A resident of Potomac, Md., and the director of the Woodrow Wilson Center's Middle East program, she was stopped on Dec. 30, 2006, by four knife-wielding men on her way to the airport in Tehran after visiting her mother, which she had done numerous times in the previous 15 years. Esfandiari was born in Iran and left in 1978, only returning in 1992.
Everything was taken that December night, including her passport, in what Esfandiari thought was just a robbery. She had failed in her attempts at regaining her passport before being told to meet with the president of Iran's intelligence ministry. He told her they were after her because she was a part of the U.S.-led "velvet revolution" to overthrow the country's regime. Esfandiari underwent daily eight-hour interrogations, the ministry believing that as part of a U.S. thinktank, she was privy to inside information.
"If I'm privy to that," she said, "then every Tom, Dick and Harry would be privy to that."
Iranian officials think universities, foundations and research centers in the U.S. work for the government, just as they do in Iran, Esfandiari said.
They thought she was among a group of Iranian women and activists who were trying to recruit other women as part of the revolution.
In January 2007, while she was still free, Esfandiari said her mother's apartment was raided, and all of Esfandiari's belongings, including her computer, which she had used to keep in touch with her family in America, were taken. On May 8 of that year, she was arrested, and, for the first time, decided to get a lawyer and bring publicity to her situation.
Esfandiari spent 105 days in solitary confinement at Evin Prison, which she said is notorious for torture. She said she underwent a torrent of mental abuse -- being told she was an adulterer for marrying a Jew, threatened that she would spend as many as 16 years in prison and informed that nobody on the outside cared about her plight.
Plenty of work was being done, though, and after Lee Hamilton, her boss at the Wilson Center, wrote a letter to Iran's supreme leader, she was released within 10 days.
Esfandiari has penned a book about her imprisonment, "My Prison, My Home," in which she also recounts what it's like growing up in Iran and how she was a part of the women's movement there in the 1960s.
"It's an amazing country to visit," Esfandiari said.
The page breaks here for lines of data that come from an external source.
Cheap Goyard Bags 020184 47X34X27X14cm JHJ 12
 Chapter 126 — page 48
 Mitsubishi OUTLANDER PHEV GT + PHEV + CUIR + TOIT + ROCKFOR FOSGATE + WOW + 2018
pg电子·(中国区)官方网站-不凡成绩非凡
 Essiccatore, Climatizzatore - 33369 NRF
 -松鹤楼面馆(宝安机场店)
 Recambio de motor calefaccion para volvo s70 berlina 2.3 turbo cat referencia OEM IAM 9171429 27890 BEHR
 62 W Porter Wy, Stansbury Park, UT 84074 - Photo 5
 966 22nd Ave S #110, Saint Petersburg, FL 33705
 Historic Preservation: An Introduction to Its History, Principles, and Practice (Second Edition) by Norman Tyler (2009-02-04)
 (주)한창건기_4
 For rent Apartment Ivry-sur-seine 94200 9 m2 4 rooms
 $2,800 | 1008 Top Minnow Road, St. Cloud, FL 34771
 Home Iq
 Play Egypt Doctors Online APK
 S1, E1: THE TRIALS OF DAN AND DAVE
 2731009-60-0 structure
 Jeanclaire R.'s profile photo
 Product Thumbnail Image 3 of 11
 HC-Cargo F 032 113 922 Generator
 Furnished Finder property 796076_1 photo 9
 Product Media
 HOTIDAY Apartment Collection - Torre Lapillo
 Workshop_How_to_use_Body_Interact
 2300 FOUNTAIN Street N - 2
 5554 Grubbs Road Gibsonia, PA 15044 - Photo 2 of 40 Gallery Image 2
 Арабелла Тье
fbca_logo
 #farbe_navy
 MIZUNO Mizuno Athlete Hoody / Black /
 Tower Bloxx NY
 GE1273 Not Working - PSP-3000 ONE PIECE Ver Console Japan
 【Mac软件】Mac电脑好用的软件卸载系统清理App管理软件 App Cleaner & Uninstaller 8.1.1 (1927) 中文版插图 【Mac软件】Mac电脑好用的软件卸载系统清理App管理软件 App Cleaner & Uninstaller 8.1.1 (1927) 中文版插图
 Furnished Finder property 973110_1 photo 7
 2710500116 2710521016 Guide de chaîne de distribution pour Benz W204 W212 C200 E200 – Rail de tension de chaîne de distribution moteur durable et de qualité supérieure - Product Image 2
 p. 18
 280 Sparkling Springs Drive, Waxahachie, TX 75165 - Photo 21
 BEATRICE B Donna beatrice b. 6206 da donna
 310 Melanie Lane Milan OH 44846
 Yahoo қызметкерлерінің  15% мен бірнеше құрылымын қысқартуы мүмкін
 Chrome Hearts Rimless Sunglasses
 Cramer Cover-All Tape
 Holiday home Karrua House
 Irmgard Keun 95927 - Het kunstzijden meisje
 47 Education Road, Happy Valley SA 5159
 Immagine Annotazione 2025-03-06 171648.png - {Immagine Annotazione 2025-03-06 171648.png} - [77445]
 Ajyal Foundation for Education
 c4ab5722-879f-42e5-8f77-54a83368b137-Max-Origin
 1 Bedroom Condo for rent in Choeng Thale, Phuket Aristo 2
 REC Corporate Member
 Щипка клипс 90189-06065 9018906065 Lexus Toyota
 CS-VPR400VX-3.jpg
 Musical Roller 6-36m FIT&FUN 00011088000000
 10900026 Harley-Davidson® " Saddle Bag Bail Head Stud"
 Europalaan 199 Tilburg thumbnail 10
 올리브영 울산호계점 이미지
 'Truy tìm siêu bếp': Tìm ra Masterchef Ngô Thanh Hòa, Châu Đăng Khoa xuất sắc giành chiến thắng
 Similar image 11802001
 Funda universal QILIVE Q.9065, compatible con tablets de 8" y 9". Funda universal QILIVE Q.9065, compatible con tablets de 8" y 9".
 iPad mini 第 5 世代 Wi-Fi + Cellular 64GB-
She spent more time there than she had planned a few years ago, but during questioning Saturday she said she would not have done anything differently. During the period between her passport being taken and when she was imprisoned, Esfandiari said she thought she was under 24-hour surveillance, making escape impossible.
And caving in to interrogators and an "insecure" government was never an option, she said.
"Luckily, I didn't go crazy," Esfandiari said. "I really didn't have anything to tell them."